If the students gathered at the Nasdaq Market Center on Wednesday are any indication, the future of registered investment advisors is in good hands.
The diverse group of financial planning undergraduates from universities across the U.S. were gathered in New York, along with university educators, to celebrate. For the fourth year in a row, TD Ameritrade awarded 12 students pursuing bachelor degrees in financial planning with $5,000 each in scholarships.
As part of these NextGen Financial Planning Scholarships, TD Ameritrade specifically includes two awards for students from under-represented demographic groups, to help increase racial, ethnic and gender diversity in the RIA industry.
Also, a total of $75,000 of grants were awarded to two universities to foster financial planning education: $50,000 to University of Houston for its established financial planning degree program and $25,000 to Delaware State University for its emerging financial planning degree program.

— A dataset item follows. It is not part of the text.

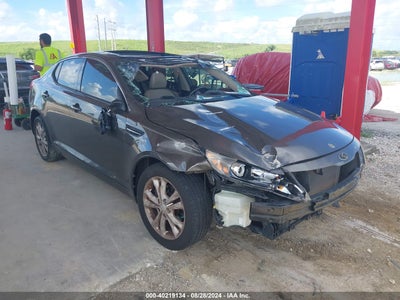 KIA OPTIMA 2012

“We need to do a better job of bringing more young people into the profession not only because of the aging demographic of advisors but the shifting demographic within the United States,” Tom Nally, president, TD Ameritrade Institutional told ThinkAdvisor while in New York. “Next gen … they are really building their own wealth and they’re set to inherit a lot of wealth. They’re going to want advisors that essentially are from their generation.”
According to Nally, TD Ameritrade received about 250 applications for its student scholarships, and he said that number continues to grow each year.
Not only is this a sign that there is a growing awareness of the financial planning profession among young people, but Nally pointed to two more statistics.
“What we found for the first time in a decade, the average age of [certified financial planners] is under 50, which is great,” he told ThinkAdvisor. “And also, the number of new advisors that are women is something like three to four times the industry average of total women in the space. So we’re making an impact, and it’s all the little things you got to do. It’s about raising visibility, engaging the appropriate groups and spreading the word.”
The Bureau of Labor Statistics predicts that jobs for personal financial advisors are expected to grow by 30% by 2024, more than four times the 7% growth rate for all occupations. But there aren’t enough young people entering the profession to replace the older advisors who are nearing retirement age.
Both Chauncey Thomas, an undergrad at Florida State University, and Megan Manno, an undergrad at Louisiana State University, are aware of the need for young advisors in the industry.
“Since a lot of people are retiring, young people are needed to fill those spots,” Thomas told ThinkAdvisor. “But also with emerging new investment strategies and instruments, you just need different perspectives, and young people can sometimes provide that.”
Manno added that “with this massive amount of wealth being passed down to baby boomers, people are going to need guidance with how to invest and save.”